TASK PROMPT:
Your answer must be the lines from the one containing "Volkswagen Transporter 2.0" through the last line of the records below, copied exactly, with the pictures left out.

TASK INPUTS:
* * * * * * *
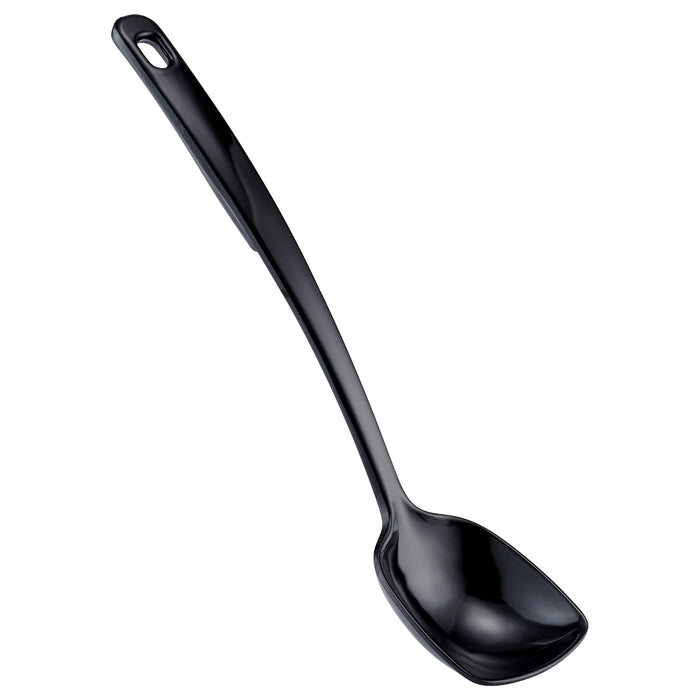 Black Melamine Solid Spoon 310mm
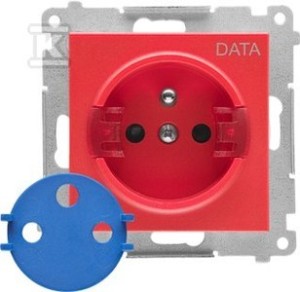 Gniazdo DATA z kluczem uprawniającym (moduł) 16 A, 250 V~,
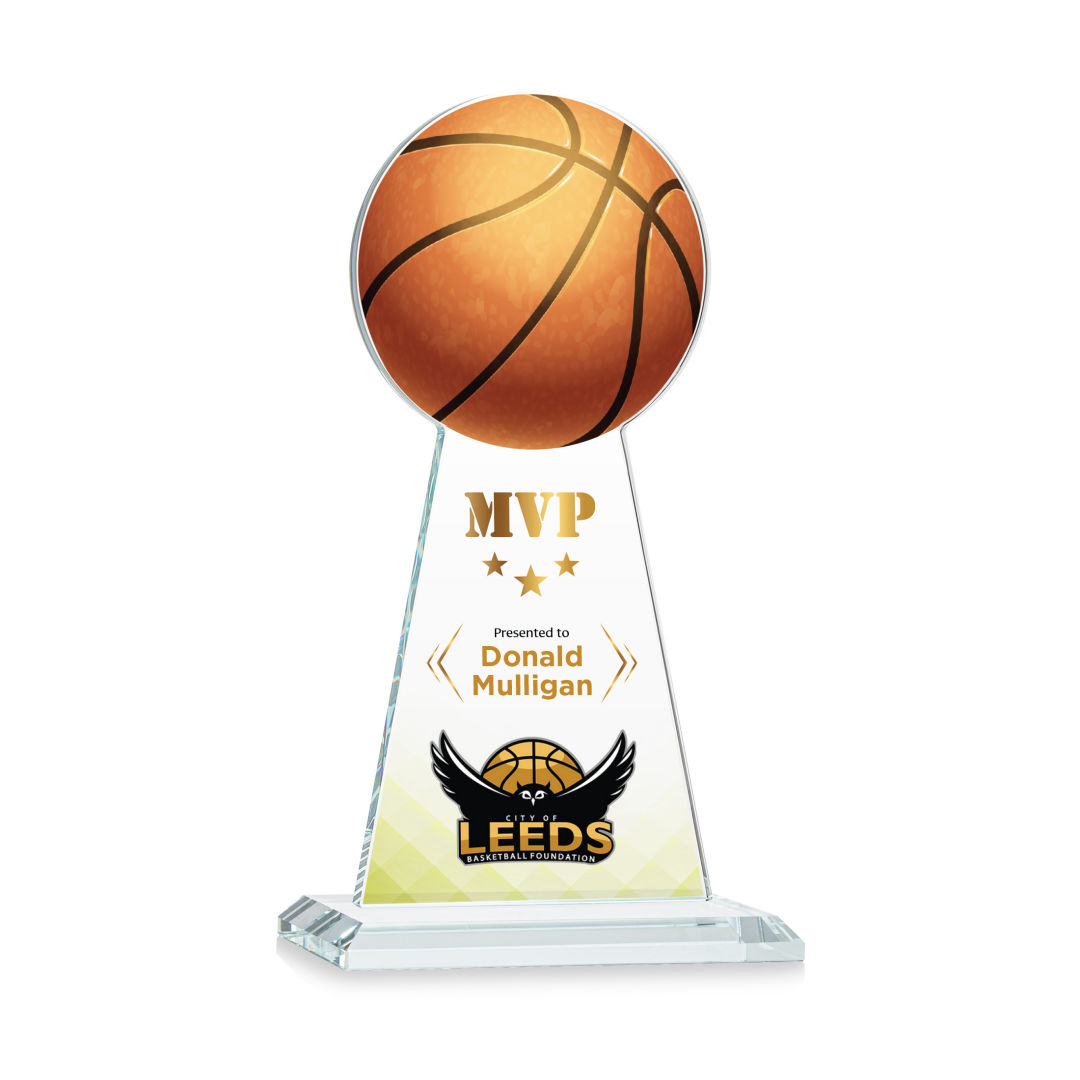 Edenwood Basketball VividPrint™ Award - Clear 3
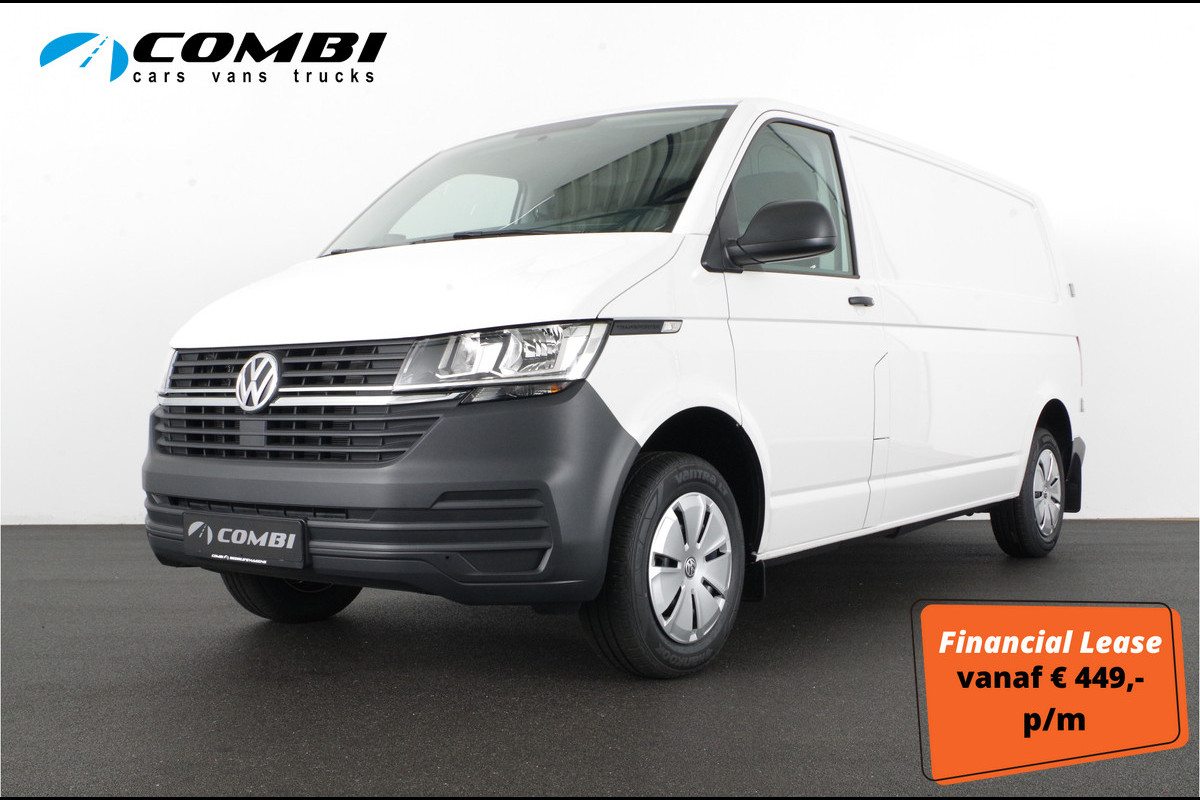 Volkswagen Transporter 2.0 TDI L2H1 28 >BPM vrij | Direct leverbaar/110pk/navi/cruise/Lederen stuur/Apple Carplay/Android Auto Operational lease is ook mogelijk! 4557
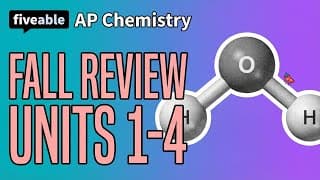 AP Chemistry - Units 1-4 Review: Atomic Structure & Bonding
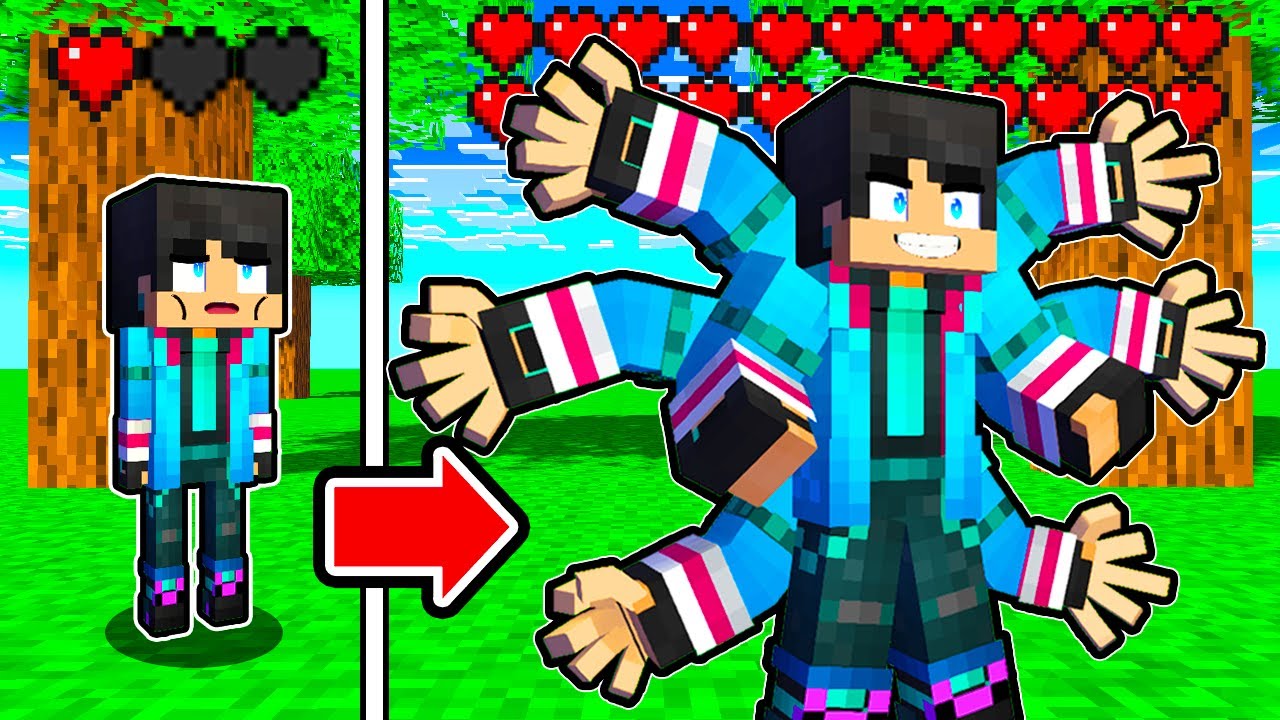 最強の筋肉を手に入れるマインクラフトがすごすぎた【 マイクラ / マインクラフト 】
* * * * * * *
ANSWER SECTION:
 Volkswagen Transporter 2.0 TDI L2H1 28 >BPM vrij | Direct leverbaar/110pk/navi/cruise/Lederen stuur/Apple Carplay/Android Auto Operational lease is ook mogelijk! 4557
 AP Chemistry - Units 1-4 Review: Atomic Structure & Bonding
 最強の筋肉を手に入れるマインクラフトがすごすぎた【 マイクラ / マインクラフト 】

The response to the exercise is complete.